Пока он говорил это, поверхность стола осветилась, и под ней зажглись синие точки и красные гроздья каких-то амебоподобных структур. Изображение, должно быть, создавали спрятанные в столе жидкие кристаллы.

– Что это за компьютер? – спросил он.

– Собственно говоря, это вообще не компьютер, – ответил Хануман, перекладывая черный шар из руки в руку. – Просто дисплей.

– И что он демонстрирует?

Хануман зажал шар в руке, пристально глядя на него.

– Кукол, – сказал он наконец. – Он показывает кукол. Ты когда-нибудь видел их раньше?

– Только слышал о них. Это форма искусственной жизни, информационные структуры, да? Говорят, будто компьютеры способны оживлять информацию.
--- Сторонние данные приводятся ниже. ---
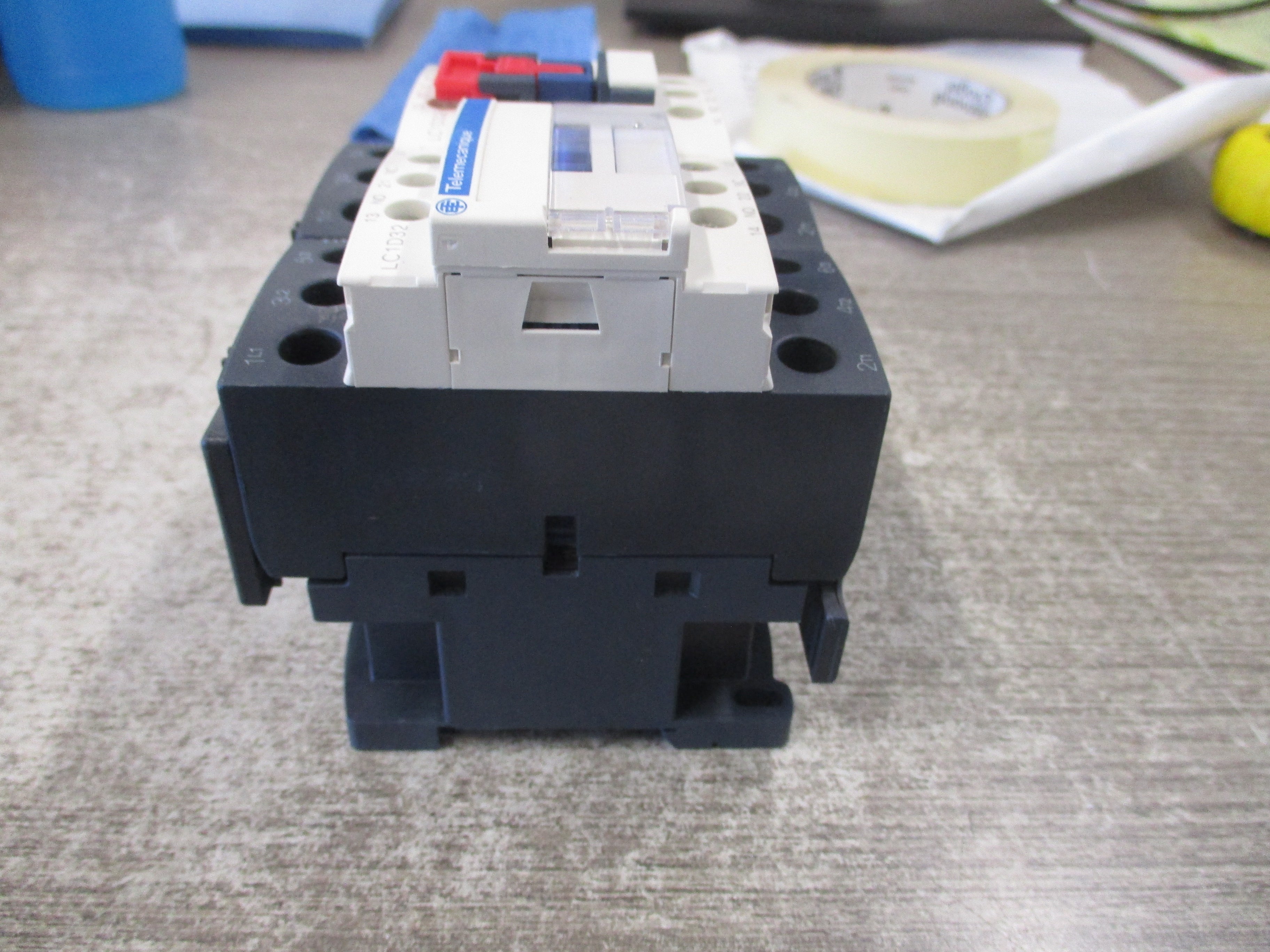 Telemecanique Reversing Contactor LC1D32 120V Coil 50A 600V Used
– В каком-то смысле информация и есть жизнь. А компьютер – вселенная, в которой она обитает.

– Какой компьютер?

– Вот этот.

И Хануман поднес к огню свой черный шар, всматриваясь в него, как астроном, заглядывающий в самое сердце вселенной. Это, как он объяснил, был компьютер особого рода – из тех, что изготавливают цефики. Кремниевые нейросхемы, расположенные в его пятнадцати кубических дюймах, имели полное сходство со структурой огневита и, как всякий качественный огневит, могли генерировать информационное поле почти бесконечной плотности. Хануман сказал, что это его вселенский компьютер, содержащий полный комплект информационных экологии жизни.

– Дисплей покажет тебе эту жизнь. Хочешь посмотреть, что происходит внутри компьютера?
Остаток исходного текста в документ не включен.